Boring Tech Is Agent-Legible Tech

OpenAI reached the same conclusion from the opposite direction. They enforce architectural boundaries through "deterministic linters and structural tests." They constrain the solution space: "specific architectural patterns, enforced boundaries, standardized structures." They fight entropy with periodic agents that detect inconsistencies.

All of that is a fancy way of saying: boring tech. NixOS is boring — purely functional, declarative, reproducible. Terraform is boring — state file, plan, apply. Pre-commit hooks are boring — run ruff, run the formatter, fail the commit if anything's wrong. Git worktrees are boring — just branches with isolated working directories.
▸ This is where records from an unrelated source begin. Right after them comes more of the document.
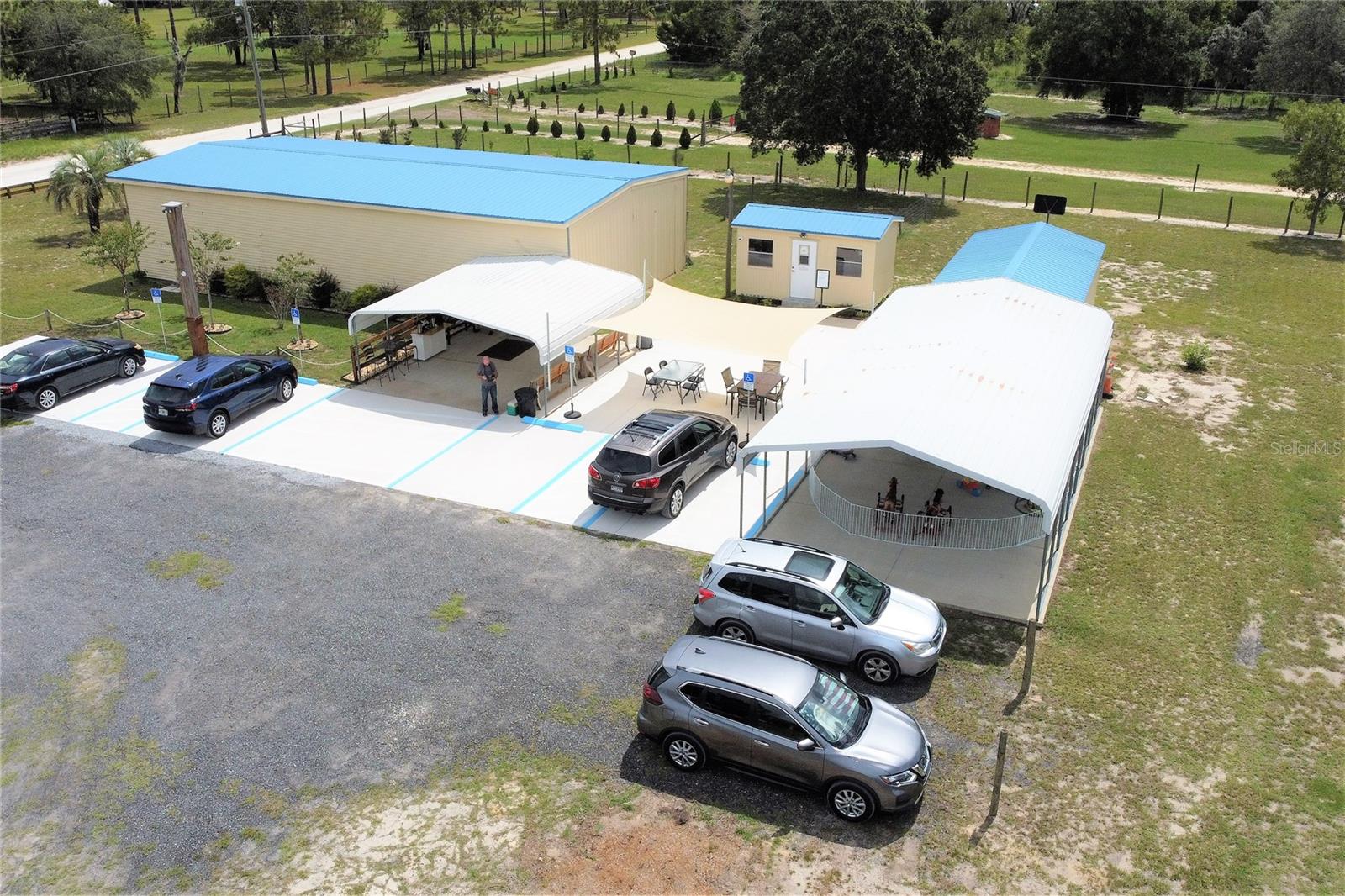 EDWARD REEVES - Commercial Sale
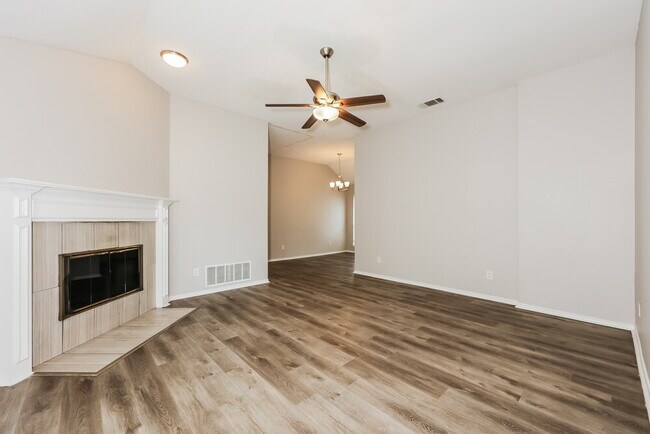 Photo - 822 Astaire Ave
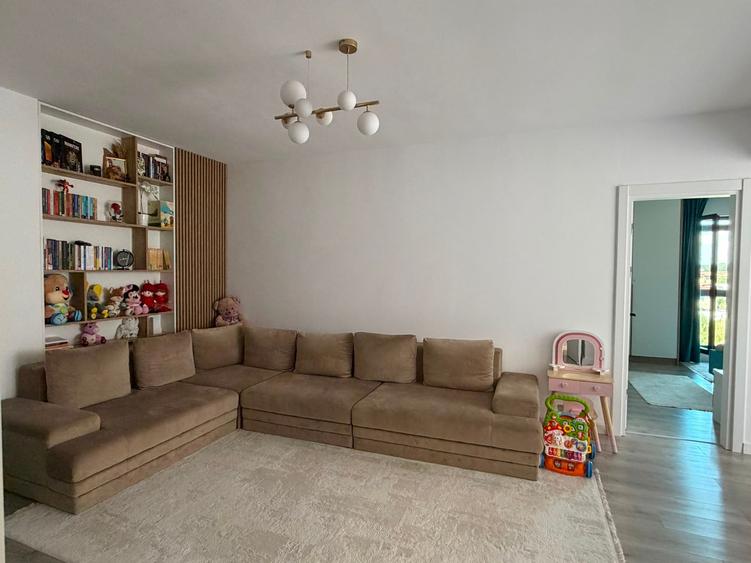 Apartament cu 3 camere decomandat în Sisești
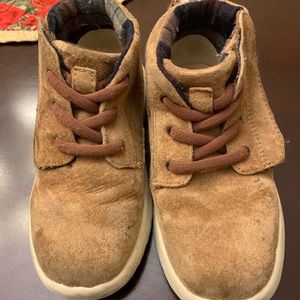 Toddler Size 10 unisex ugg sneakers. Tan suede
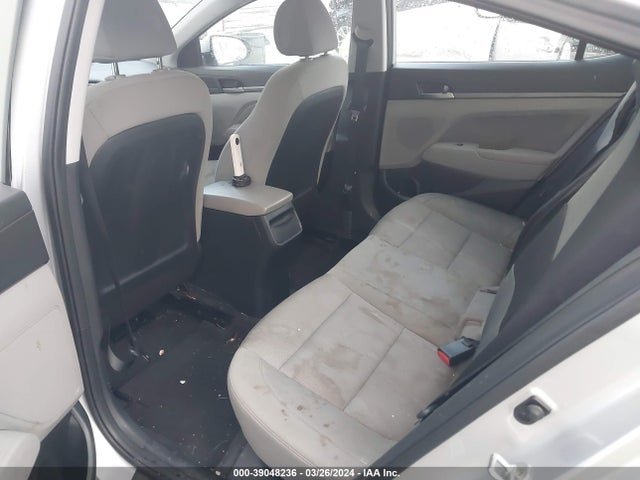 Hyundai ELANTRA SEL 2018 5NPD84LF2JH255934 Image 8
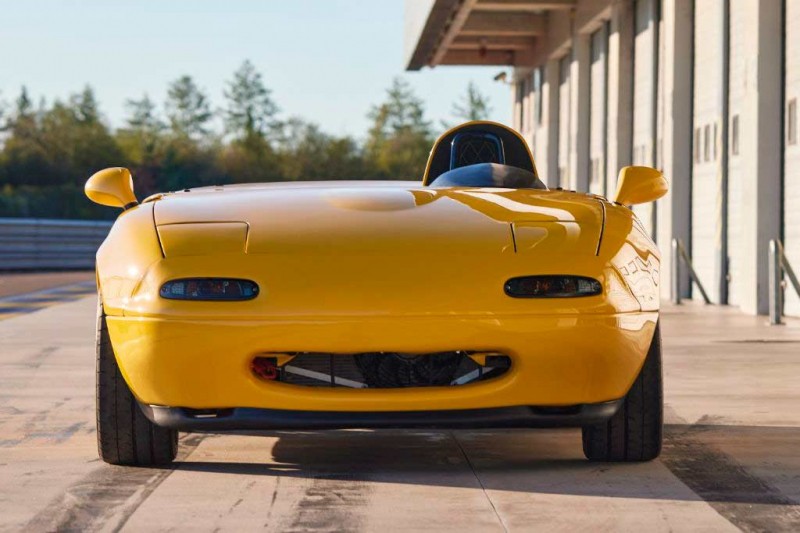 Итальянцы представили концептуальную баркетту на базе Mazda MX-5 первого поколения 3 Итальянцы представили концептуальную баркетту на базе Mazda MX-5 первого поколения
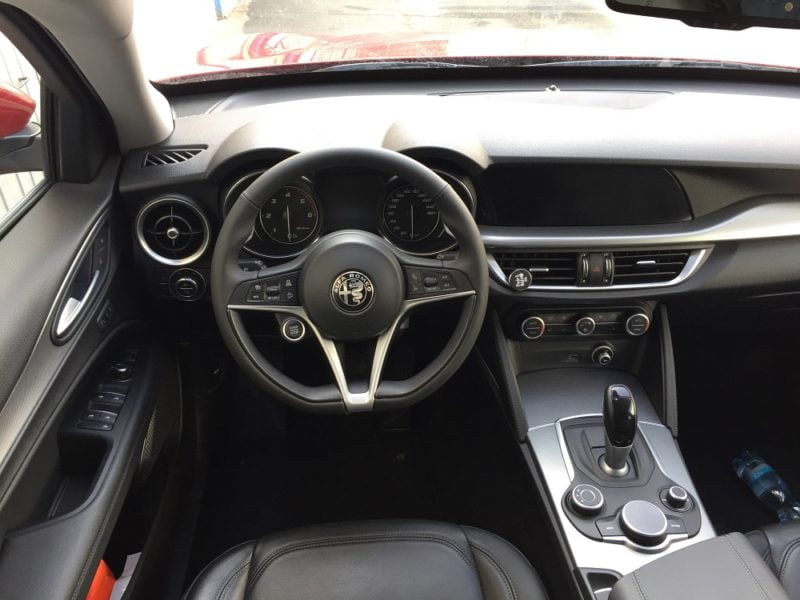 Alfa Romeo Stelvio – jen usednout a užívat si čistou radost z jízdy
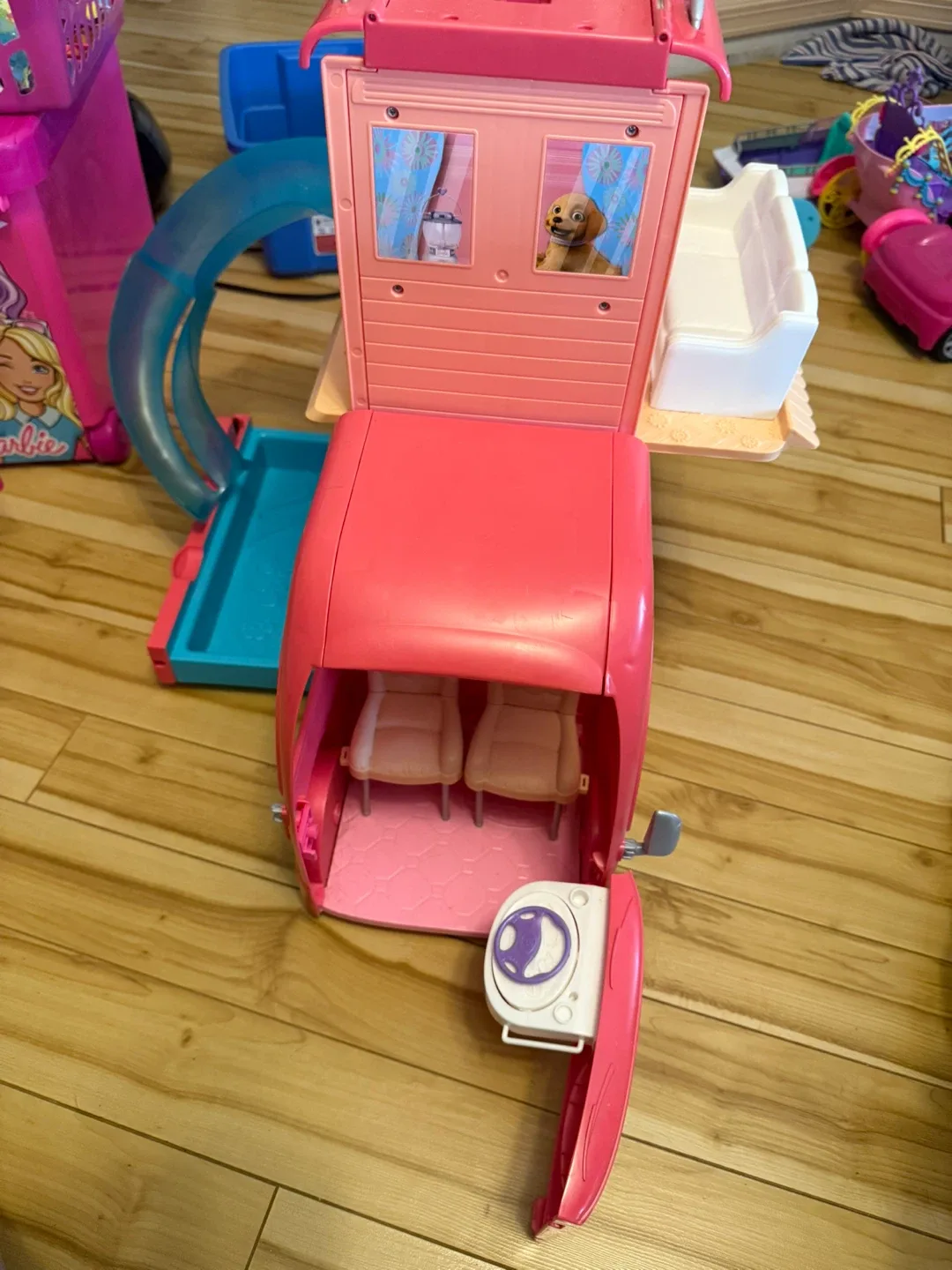 Barbie Dreamhouse & Vehicle Set image indicator(3)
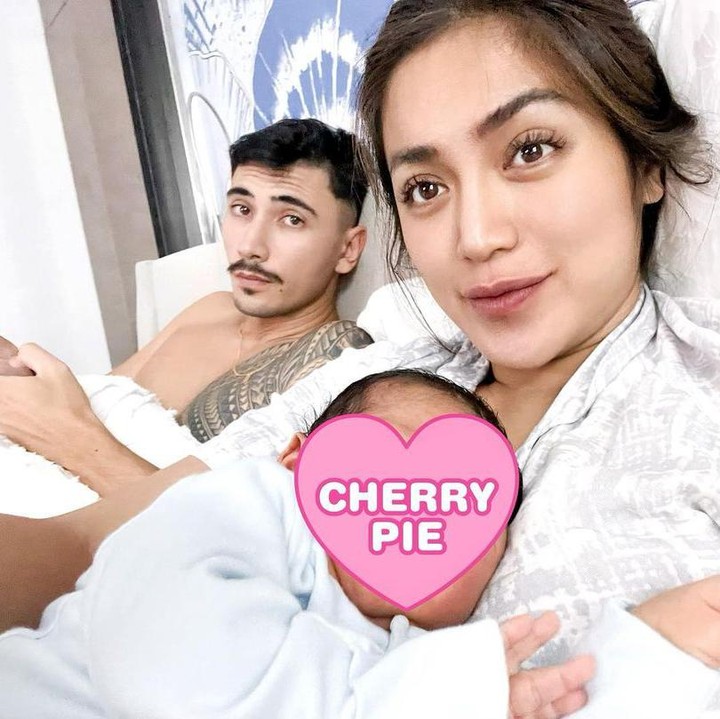 <p>Jedar berjanji akan umumkan nama dan wajah Si Kecil tepat sebulan setelah melahirkan nih Bunda. Meski belum terlihat, Jedar seakan memberikan petunjuk dari postingan terakhir bahwa wajah bayinya mirip dengan sang Ayah. "Kembarannya," tulis jedar dengan foto sang suami yang tengah menggendong bayinya. (Foto: Instagram @inijedar)</p>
Boring tech is legible tech. An agent can reason about a flake.nix because it's a pure function. An agent can reason about a Terraform plan because it's a diff. An agent can reason about a pre-commit hook because it's a pass/fail signal with an error message.

The clever stuff — the novel abstractions, the custom DSLs, the "elegant" solutions — is exactly what makes a system illegible to agents. If I can't explain it in a CLAUDE.md paragraph, an agent can't work with it reliably. Harness engineering is the discipline of keeping things simple enough that agents can be trusted with them.

That's the whole idea. Build the harness. Let the agent write the code.